10-го марта 1941 г., понед<ельник>
Москва, Покровский бульв<ар>, д(ом) 14/5, кв<артира> 62
Дорогая Аля! Наконец-то письмо от тебя (Муле), с точным адр<есом>. Из двух твоих открыток, еще московских, я не получила ни одной, — горькая случайность. 27-го января, когда я подошла к окошечку с передачей, мне сказали, что ты выбыла и дали адрес, но только — общий, тогда я запросила на Кузнецком, и мне через три дня дали приблизительно тот же адр<ес>, только уже не Котлас, а Княжий Погост, туда мы с Мулей тебе много писали и телеграфировали, но очевидно не дошло. — Ну, всё хорошо. — О нас: из Болшева мы ушли 10-го ноября, месяц жили у Лили, на твоем пепелище, потом Литфонд нас с Муром устроил в Голицыне Белорусск<ой> дор<оги>, снял нам комнату, а столовались мы в Писат<ельском> Доме отдыха.
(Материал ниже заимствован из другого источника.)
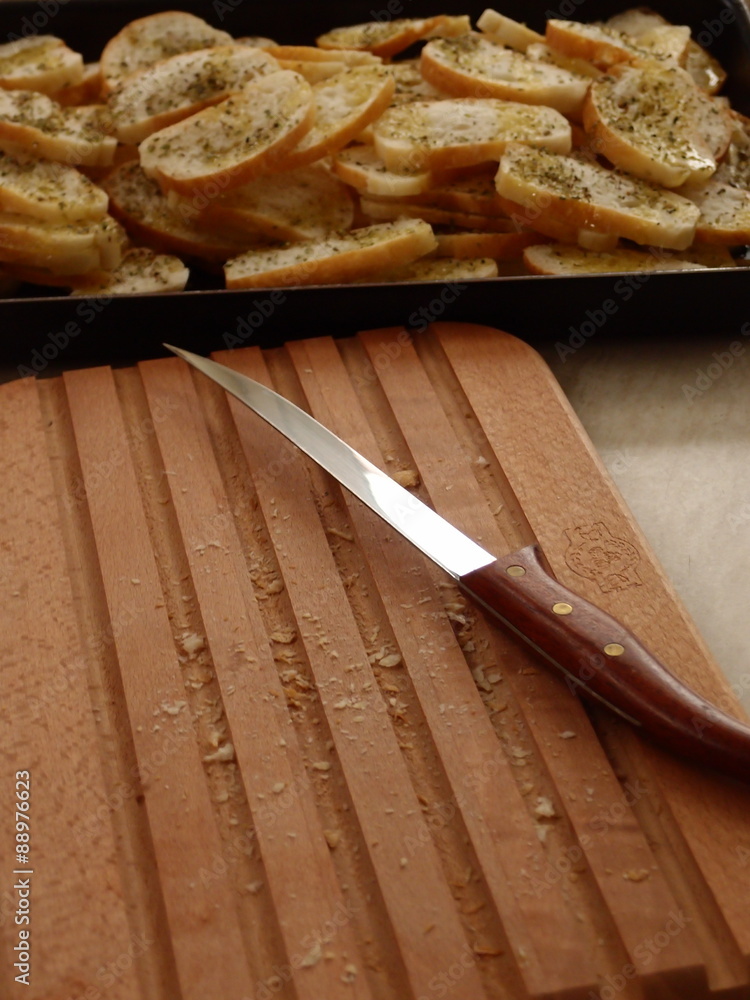 Crostini di pane con olio e origano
Я сразу стала переводить Важу Пшавелу — много поэм, на это ушла вся зима. Летом мы жили в Университете, в комнате уехавшего на дачу про-ф<ессора>. Осенью с помощью Литфонда нашли комнату на 2 года, на 7 эт<аже>, откуда тебе и пишу. Непрерывно перевожу — всех: франц<узов>, немцев, поляков, болгар, чехов, а сейчас — белорусских евреев, целую книгу. Один мой перевод (болг<арской> поэтессы) уже читали по радио,[2220] а Журавлев собир<ается> читать только что вышедшего в Дружбе Народов (пришлю) моего грузинского Барса.[2221] Есть друзья, немного, но преданные. Мур учится в 8-ом кл<ассе> соседней школы. Ты бы его не узнала: он совершенно-худой и прозрачный, в Голицыне у него было воспаление легких, после него он стал неузнаваем, да и летом никуда не уезжали. Кошки погибли, Муля расскажет. Сегодня несу папе передачу. У нас есть для тебя: новое черное очень теплое (шерст<яная> вата) пальто, мерили на меня, шил портной, серые фетр<овые> валенки с калошами, шапка с ушами, чудесные морж<овые> полуботинки — без сносу, вечные, на к<отор>ые я наконец нашла ботики, и т. д. Пиши что тебе нужнее всего. Узнала ли синюю юбку, туфли, роз<овое> белье, т. е. поняла ли, что багаж получили? Получили — всё и все рукописи, летом 1940 г. Жду письма. Муля деятельно собирается к тебе, тогда всё получишь.